After hitting rock bottom through addiction, bowling legend Bob Perry
learned that religion is for people who don't want to go to hell.
Spirituality is for people who have already been there. Perry tells his
heart-wrenching, inspiring story of bowling for the mob and drug and
alcohol addiction in his new book, Redemption Alley.
Perry, considered by many to be one of the most naturally-talented
bowlers in the history of the sport, had potential to become one of the
best even at the young age of 12. Unfortunately, he grew up in 1970s
Paterson, New Jersey, where everyone knew someone who was "connected" -
with the mob, that is. Instead of training for championships, Perry
began doing odd jobs for wiseguys and hustling hundreds of thousands of
dollars in after-house "action bowling" for John Gotti, who later became
the boss of the Gambino crime family.
Perry's connections with organized crime eventually landed him in
federal prison, but not before he became addicted to crack cocaine,
alcohol, and painkillers and was homeless on the streets of New York.
Ultimately, Perry washed up on the shores of St.

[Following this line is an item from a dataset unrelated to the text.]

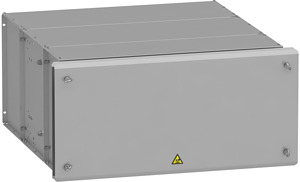 Bremswiderstand, 8Ohm, 25 kW, IP23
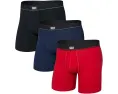 Боксеры SAXX UNDERWEAR Essential Cotton 3 шт из хлопка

Christopher's Inn, a
shelter run by Franciscan monks. It was there that he had six fateful
encounters with an angelic messenger who no one else could see - a monk
whose message was so powerful that Bob Perry has now been sober for 22
years.
In Redemption Alley, Perry not only shares his remarkable story of
bowling success, his dangerous association with hoodlums and gangsters,
and his recovery from addiction, but also his inspiring, decades-long
spiritual quest, and his sober journey back into the bowling world.